Editorial: Status Quo
There was plenty of political theater on the network neutrality front last week, including the vote in a House subcommittee to block new regs via a rarely used legislative gambit.
That effort is almost certain to fail, which sets the stage for a sort of “regulatory certainty lite” that operators can live for now. Cable operators would have preferred no regs. But if there had to be regs, they would have preferred they apply to wireless. They didn’t get all they wanted. But they did get a recognition of usage-based pricing and some wiggle room on specialized services.

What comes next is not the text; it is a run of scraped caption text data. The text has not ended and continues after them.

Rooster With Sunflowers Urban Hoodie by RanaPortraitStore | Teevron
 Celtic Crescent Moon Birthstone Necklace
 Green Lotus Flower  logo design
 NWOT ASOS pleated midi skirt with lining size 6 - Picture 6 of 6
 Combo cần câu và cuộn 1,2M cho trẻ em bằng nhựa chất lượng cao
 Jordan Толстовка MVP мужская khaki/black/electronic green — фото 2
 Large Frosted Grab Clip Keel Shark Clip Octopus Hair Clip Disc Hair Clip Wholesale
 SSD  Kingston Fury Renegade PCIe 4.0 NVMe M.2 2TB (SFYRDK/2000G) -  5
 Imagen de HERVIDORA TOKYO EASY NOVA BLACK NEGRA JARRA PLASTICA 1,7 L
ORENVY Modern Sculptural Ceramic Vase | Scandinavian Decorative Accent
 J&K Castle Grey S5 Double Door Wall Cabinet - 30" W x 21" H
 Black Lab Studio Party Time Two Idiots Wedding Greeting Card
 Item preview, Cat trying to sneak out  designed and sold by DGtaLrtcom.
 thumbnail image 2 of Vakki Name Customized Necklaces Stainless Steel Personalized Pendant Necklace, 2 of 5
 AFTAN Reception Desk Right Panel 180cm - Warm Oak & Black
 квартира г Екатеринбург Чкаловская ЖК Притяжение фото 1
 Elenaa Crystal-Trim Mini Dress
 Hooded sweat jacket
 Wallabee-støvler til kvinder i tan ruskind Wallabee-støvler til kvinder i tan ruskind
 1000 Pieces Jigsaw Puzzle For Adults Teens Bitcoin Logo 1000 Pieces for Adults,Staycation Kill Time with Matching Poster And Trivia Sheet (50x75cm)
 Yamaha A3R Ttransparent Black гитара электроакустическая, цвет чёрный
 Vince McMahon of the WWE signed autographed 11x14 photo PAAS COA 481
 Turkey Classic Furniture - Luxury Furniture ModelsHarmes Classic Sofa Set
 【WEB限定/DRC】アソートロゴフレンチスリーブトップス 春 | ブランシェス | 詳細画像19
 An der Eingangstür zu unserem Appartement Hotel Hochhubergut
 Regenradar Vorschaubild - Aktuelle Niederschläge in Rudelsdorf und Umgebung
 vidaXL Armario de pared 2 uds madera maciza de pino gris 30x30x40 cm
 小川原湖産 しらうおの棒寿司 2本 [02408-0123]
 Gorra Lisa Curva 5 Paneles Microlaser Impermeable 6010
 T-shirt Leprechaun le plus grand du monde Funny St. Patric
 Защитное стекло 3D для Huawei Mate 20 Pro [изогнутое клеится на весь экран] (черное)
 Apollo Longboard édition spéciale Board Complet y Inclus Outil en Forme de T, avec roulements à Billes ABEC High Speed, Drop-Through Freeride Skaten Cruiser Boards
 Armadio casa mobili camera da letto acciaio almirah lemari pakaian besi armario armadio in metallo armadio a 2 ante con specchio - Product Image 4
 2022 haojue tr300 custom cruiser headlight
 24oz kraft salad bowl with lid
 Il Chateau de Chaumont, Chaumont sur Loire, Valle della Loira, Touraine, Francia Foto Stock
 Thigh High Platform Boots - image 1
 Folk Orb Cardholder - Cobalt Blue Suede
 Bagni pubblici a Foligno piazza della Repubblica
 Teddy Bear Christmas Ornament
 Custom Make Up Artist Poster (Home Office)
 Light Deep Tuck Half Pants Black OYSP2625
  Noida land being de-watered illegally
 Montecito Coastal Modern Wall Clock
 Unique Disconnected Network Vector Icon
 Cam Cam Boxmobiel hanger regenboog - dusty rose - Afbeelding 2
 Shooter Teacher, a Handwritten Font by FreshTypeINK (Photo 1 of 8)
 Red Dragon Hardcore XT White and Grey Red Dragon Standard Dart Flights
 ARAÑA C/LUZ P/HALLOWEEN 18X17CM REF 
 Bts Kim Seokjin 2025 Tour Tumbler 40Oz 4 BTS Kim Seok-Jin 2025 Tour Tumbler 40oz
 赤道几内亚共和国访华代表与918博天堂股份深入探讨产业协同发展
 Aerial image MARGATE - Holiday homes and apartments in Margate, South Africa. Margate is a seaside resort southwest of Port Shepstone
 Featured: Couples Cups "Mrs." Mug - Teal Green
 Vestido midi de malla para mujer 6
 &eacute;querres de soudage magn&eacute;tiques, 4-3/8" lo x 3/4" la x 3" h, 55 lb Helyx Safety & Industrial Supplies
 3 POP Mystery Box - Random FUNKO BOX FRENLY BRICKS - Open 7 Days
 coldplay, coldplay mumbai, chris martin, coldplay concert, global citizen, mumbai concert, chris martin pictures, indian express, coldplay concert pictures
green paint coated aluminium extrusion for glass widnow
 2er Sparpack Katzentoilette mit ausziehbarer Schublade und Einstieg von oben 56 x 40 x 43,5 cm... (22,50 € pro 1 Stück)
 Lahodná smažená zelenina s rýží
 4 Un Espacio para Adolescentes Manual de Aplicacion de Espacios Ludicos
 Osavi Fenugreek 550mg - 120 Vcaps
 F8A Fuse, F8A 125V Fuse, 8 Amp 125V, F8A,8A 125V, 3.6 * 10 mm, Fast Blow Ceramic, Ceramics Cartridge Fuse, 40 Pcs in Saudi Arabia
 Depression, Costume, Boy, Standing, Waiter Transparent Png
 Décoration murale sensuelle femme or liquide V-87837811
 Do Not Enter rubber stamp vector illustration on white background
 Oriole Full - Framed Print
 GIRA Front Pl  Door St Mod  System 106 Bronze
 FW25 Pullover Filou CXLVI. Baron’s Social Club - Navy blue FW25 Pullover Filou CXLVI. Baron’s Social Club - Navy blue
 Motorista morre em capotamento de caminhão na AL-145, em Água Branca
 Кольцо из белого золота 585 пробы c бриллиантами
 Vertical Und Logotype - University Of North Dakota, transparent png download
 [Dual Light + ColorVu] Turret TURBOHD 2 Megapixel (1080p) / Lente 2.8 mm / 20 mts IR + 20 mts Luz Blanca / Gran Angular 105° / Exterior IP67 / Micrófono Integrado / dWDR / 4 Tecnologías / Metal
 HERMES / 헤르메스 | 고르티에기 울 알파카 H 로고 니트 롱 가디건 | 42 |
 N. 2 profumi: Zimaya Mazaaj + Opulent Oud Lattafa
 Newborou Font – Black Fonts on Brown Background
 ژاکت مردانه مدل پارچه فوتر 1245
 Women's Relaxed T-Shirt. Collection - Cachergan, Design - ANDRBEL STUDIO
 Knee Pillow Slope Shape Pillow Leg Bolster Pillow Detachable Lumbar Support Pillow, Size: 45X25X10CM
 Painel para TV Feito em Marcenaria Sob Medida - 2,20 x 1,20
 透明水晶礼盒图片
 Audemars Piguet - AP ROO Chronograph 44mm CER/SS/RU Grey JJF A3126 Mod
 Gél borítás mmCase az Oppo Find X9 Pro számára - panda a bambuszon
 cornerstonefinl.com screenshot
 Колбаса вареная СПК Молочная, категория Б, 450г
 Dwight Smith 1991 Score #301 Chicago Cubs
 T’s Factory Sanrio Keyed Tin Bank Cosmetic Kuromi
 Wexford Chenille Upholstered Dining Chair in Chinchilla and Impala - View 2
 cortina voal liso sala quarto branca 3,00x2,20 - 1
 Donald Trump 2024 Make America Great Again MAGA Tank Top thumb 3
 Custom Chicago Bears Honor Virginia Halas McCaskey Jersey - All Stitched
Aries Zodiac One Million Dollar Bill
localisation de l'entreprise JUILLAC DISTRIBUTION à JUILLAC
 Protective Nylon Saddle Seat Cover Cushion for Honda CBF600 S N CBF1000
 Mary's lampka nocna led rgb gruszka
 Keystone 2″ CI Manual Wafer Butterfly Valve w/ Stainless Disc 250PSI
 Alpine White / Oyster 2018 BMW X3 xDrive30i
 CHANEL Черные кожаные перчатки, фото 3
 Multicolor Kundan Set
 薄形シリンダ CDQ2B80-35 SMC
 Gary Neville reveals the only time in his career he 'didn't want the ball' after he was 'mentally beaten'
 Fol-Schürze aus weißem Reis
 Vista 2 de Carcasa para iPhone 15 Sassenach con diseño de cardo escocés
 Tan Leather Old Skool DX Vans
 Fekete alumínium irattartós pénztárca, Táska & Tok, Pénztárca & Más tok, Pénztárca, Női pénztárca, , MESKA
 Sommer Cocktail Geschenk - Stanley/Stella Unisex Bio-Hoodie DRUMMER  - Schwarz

But what is more important by far is what didn’t happen, or at least hasn’t happened. That is reclassification of broadband Internet access as a common-carrier service. That was the big stick that produced the compromise, whether that was the FCC plan or not.
NCTA President Kyle McSlarrow was walking that high wire in what may be his last major performance atop the association. In a letter to House Republicans and Democrats, he came out in support of the new regs, but with plenty of caveats. McSlarrow managed to give some moral support to FCC Chairman Julius Genachowski without actively opposing the Republicans.
In the latter category, McSlarrow got an assist from NCTA board member Amy Tykeson of BendBroadband, who, in a separate letter on behalf of her company, praised the Republican effort, saying she hoped it would succeed and dissing the rules as job-killing and picking winners and losers.
But cable operators also have to be careful what they wish for, and get. As McSlarrow made it clear, the FCC needs to apply the new regs narrowly, with the requisite regulatory humility. And if the regs do remain in place and a court challenge —there will be many—results in their reversal by the courts, the FCC still has the nuclear option of Title II classification up its sleeve.
Genachowski said last week that the Title II classification docket would remain open for comment. But that also leaves it as a fallback position. If the FCC’s current defense of the rules under Title I fail court muster, it can always revert to Title II. The chairman has the votes to impose that if he wishes.
So long as that option remains, cable operators will need to continue to make the best of the compromise they have struck. That should be doable if, as McSlarrow has maintained and even some critics have conceded, there are few examples of the anticompetitive conduct the rules are meant to prohibit.
P.S.: The news last week that McSlarrow was joining Comcast is also good for the cable industry. McSlarrow goes from heading up public policy in Washington for the association to heading up public policy in Washington for its largest member, so he will still be making the case for an industry he has served admirably for the past half-decade.